He braced one arm on his brother’s shoulder.

They’re not actually brothers, thought Mae as they kissed, but this was still really weird. Then Nick closed his eyes and took Alan’s jaw in his hands and Alan moaned, and Mae thought that actually it wasn’t weird, just really hot.

Then they turned, and looked at her, foreheads pressed against each other, smiles curled in twin invitation. So she stopped thinking and stalked forward. Nick’s arm curled around her waist. Alan bent to press a kiss in the shell of her ear. She laughed, reached for Nick’s face-

Blue light flashed behind her.

They broke the embrace to see Jamie’s hologram, his hand clapped over his eyes. “So when I fantasized about the Ryves brothers getting together, first off I never expected it to actually happen, and second off I did not expect my sister to get involved too.”

“Um,” declared Mae.

Jamie removed his hand from his eyes and grinned. “Way to go, Mae! I am so proud.”

Nick stepped closer to the fizzy blue hologram. “Congratulations aside, what do you want?”

“Ah, yes!” Jamie’s grin disappeared. “I’m at the place where the Demon’s Crown has to be used. Might you possibly happen to have succeeded in your very important-“

“Yeah, we have it,” said Alan. He straightened out his rumpled shirt. Jamie pretended gallantly not to notice Mae do the same.

“Awesome.” Jamie beamed again for an instant, then hunched forward, speaking urgently. “I need you lot here fast. The Goblin Market is kind of under attack, and Sin’s only just holding off the magicians.”

Alan swore. Nick got that look on his face that said he was mentally counting his weapons.

“We’re in London right now.” Mae ran through routes and hours in her head. “We’ll never make it.”

Her brother’s hologram shook his head. “Just wait a minute.”



~eleven~



Let me get this down.

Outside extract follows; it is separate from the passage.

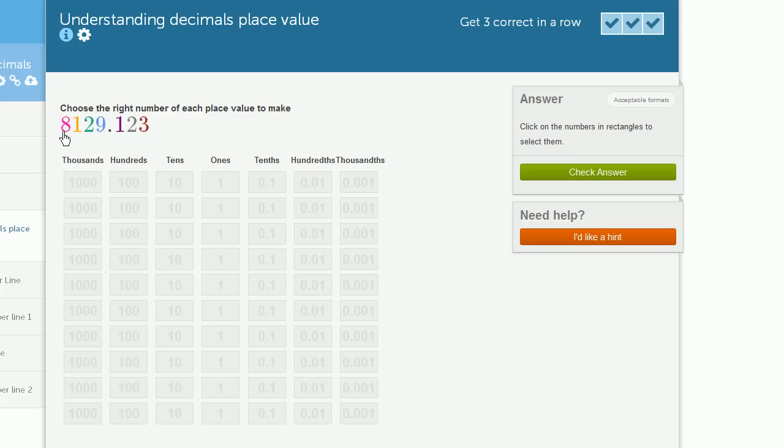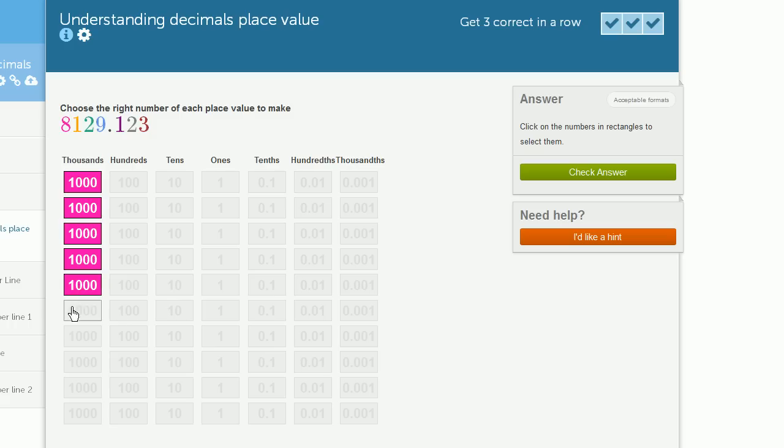So first we have 8. This 8 right here is in the thousands place. It represents 8,000. So we're going to have 8,000. So let's select 1, 2, 3, 4, 5, 6, 7, 8. 8,000.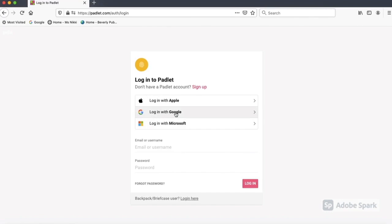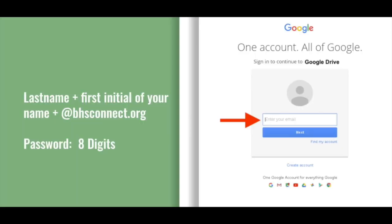Click on log in with Google and you will use your BHS Connect Beverly School account to log in. Type in your last name, first initial of your name at bhsconnect.org and then your 8 digit password.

I can barely breathe with this all. Is this the end of the world? Perhaps it is, perhaps. I'm giddiness and despair both at once.

I caught up with Jamie, Seb and Anzu at long last, the Sidhe demon Liannan bound tightly on a leash I created tugging me along. For some reason, she said she knew about the cavern. She and Anzu always knew about it, this place where an object could destroy life as we know it, but for some reason she can't remember why or how she knows about the cavern.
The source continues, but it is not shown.